Yu Baofa (; born in 1958) is a Chinese oncologist and researcher in intratumoral cancer therapy and drug development. He is the Founder, CEO and Chairman of Baofa Cancer Hospital Network China in Jinan, Beijing and Dongping. He also developed Ultra Minimum Incision Personalized Intra-Tumoral Chemo-Immuno (UMIPIC) Therapy.

Early life and education 
Yu was born in 1958 in Jinan, Shandong, China. During his childhood, the local doctors he saw in his village inspired him to become a physician in the future. He was educated in Binzhou Medical College. Four years later, he graduated and landed a job in the Shandong Tumor Research Institute and transferred to the China Academy of Medical Sciences for further studies in cancer.

In 1984, his mother was diagnosed with esophageal cancer and later died. Soon after, his best friend's father died of cancer as well. These experiences motivated him to deepen his research of cancer.
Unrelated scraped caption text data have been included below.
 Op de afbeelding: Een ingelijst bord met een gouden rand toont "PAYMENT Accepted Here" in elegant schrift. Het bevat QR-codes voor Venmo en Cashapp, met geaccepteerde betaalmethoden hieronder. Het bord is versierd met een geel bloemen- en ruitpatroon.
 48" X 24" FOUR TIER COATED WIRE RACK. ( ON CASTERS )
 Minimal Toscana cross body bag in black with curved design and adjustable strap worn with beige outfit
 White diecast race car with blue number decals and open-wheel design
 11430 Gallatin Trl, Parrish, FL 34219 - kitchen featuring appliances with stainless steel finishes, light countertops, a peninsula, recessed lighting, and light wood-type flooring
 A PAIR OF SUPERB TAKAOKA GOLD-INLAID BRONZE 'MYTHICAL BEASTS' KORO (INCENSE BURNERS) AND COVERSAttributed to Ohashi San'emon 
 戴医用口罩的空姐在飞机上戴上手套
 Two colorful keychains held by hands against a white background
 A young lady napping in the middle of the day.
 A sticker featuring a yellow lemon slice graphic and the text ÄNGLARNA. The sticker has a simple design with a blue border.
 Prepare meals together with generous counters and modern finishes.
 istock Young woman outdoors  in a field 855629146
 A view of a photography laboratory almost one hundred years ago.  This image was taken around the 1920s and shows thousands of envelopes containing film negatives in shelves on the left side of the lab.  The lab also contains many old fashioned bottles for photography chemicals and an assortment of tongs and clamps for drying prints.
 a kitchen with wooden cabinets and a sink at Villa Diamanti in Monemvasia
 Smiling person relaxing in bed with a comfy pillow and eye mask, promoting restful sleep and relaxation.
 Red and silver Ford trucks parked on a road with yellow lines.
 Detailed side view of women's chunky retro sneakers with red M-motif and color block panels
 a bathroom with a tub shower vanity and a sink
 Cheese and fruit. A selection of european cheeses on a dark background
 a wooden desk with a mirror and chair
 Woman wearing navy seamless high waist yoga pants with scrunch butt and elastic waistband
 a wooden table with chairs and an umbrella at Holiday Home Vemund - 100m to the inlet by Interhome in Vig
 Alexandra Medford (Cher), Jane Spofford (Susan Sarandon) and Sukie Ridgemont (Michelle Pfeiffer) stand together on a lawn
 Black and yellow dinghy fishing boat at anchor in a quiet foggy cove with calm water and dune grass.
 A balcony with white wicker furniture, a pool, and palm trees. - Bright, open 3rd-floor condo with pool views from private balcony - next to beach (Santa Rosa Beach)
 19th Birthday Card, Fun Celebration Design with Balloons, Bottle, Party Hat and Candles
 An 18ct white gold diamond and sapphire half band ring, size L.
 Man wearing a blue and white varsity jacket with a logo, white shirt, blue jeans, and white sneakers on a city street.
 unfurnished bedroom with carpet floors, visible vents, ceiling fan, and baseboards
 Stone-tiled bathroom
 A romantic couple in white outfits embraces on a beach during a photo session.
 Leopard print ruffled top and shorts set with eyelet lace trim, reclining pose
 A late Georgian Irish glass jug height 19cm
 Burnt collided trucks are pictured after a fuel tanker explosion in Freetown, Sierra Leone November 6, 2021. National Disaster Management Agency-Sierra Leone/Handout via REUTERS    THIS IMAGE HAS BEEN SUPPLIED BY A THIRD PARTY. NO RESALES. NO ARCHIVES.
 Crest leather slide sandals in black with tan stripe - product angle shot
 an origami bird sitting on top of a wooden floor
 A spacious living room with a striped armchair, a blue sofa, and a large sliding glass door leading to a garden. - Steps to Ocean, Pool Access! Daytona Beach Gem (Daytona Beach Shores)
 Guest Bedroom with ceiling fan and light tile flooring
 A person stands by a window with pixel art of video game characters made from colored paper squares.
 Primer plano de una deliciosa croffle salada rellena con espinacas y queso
In 1985, Yu enrolled in Peking Union Medical College (tumour department) in Beijing to further his studies and received a master's degree of Medicine. After graduation, he worked at the China-Japan Friendship Hospital in Beijing for a year, before attending the School of Medicine of University of California, San Diego for doctoral studies.

Career 
 In February 1990, Yu performed research on anti-cancer medicines and intratumoral therapy. It was at the time he researched on drug slow-release system therapy (SRST).
 
 In 1992, Yu joined Salk Institute in La Jolla, California as Senior Associate Researcher for tumour and cancer genes. A year later, he was appointed as Associate Professor at the University of California, San Diego.
 
 In 1998, he returned to China and founded TaiMei Baofa Cancer Hospital in Dongping, China.
 
 In 2003, Yu was elected as the deputy of the 10th National People's Congress.
 
 At present, he is the CEO of Immuno Oncology Systems (IOS) & Baofa Therapy Inc.

Hospitals 
Taimei Baofa Cancer Hospital was the first hospital established among three of Dr. Yu's hospital. Since 1997, it has raised 38 million yuan (US$4.6 million). Yu also invited experts from Beijing and Jinan to offer training to his medical staff occasionally.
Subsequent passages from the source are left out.